Massimo Popolizio al Teatro Argentina con “Il Signor M” Il teatro è pelle, cuore, sangue, anima e cervello. Il teatro è un pianto e una risata. Il teatro è riflessione e conoscenza

Sulle tavole di legno del palcoscenico ciò che si rappresenta diviene ciò che è, a volte per un brevissimo lasso di tempo, il tempo di uno spettacolo appunto, a volte per molto di più. Dipende da quanto ciò che abbiamo visto è riuscito a scavare dentro di noi, a quanto ci ha lasciato, a quanto siamo stati disposti ad accogliere.

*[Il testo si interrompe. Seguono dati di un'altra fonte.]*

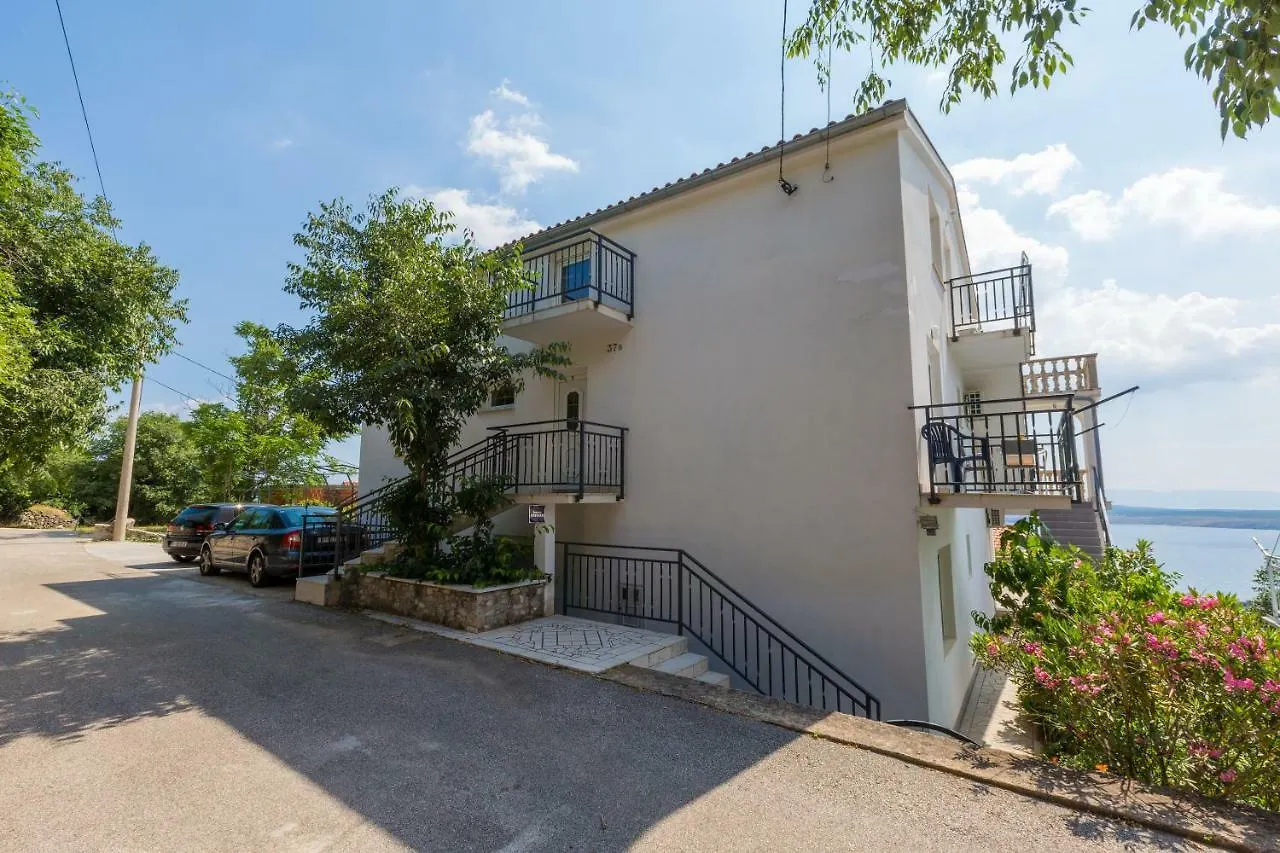 Apartments Ivano Dramalj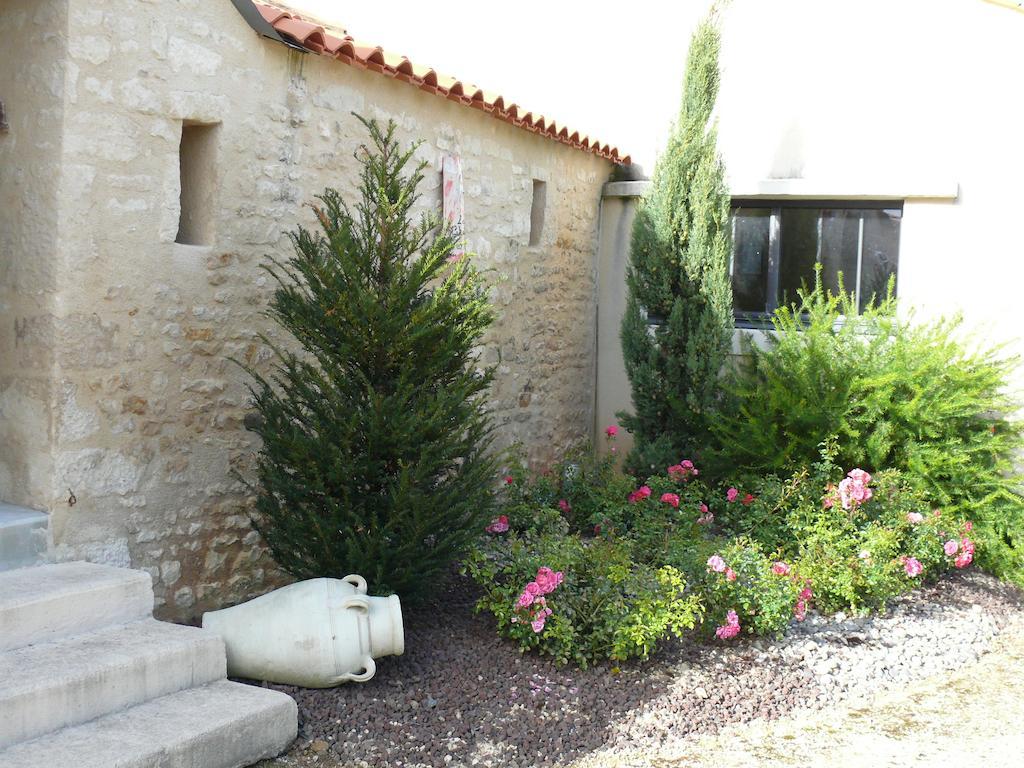 Gite Du Clos De La Vigne Montreuil  Værelse billede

Questi ultimi due anni sono stati anni difficilissimi per il teatro. Luci spente, sipari chiusi, sale vuote. La paura di non riuscire a ripartire. La paura di aver perso per sempre quel patrimonio di emozioni che ogni sera si ripete integro come fosse la prima volta.

Ma fortunatamente non è stato così. O comunque non lo è stato completamente. Al primo afflato di vita ecco il teatro rialzare la testa e ricominciare a permetterci di guardare il mondo con occhi sempre nuovi.

Occhi nuovi sono quelli che ci regala lo spettacolo “Il Signor M.” in scena al Teatro Argentina fino a domenica 3 aprile.

Occhi nuovi, dicevamo. Sì, perché il Signor M. altri non è che il Mussolini di storica memoria.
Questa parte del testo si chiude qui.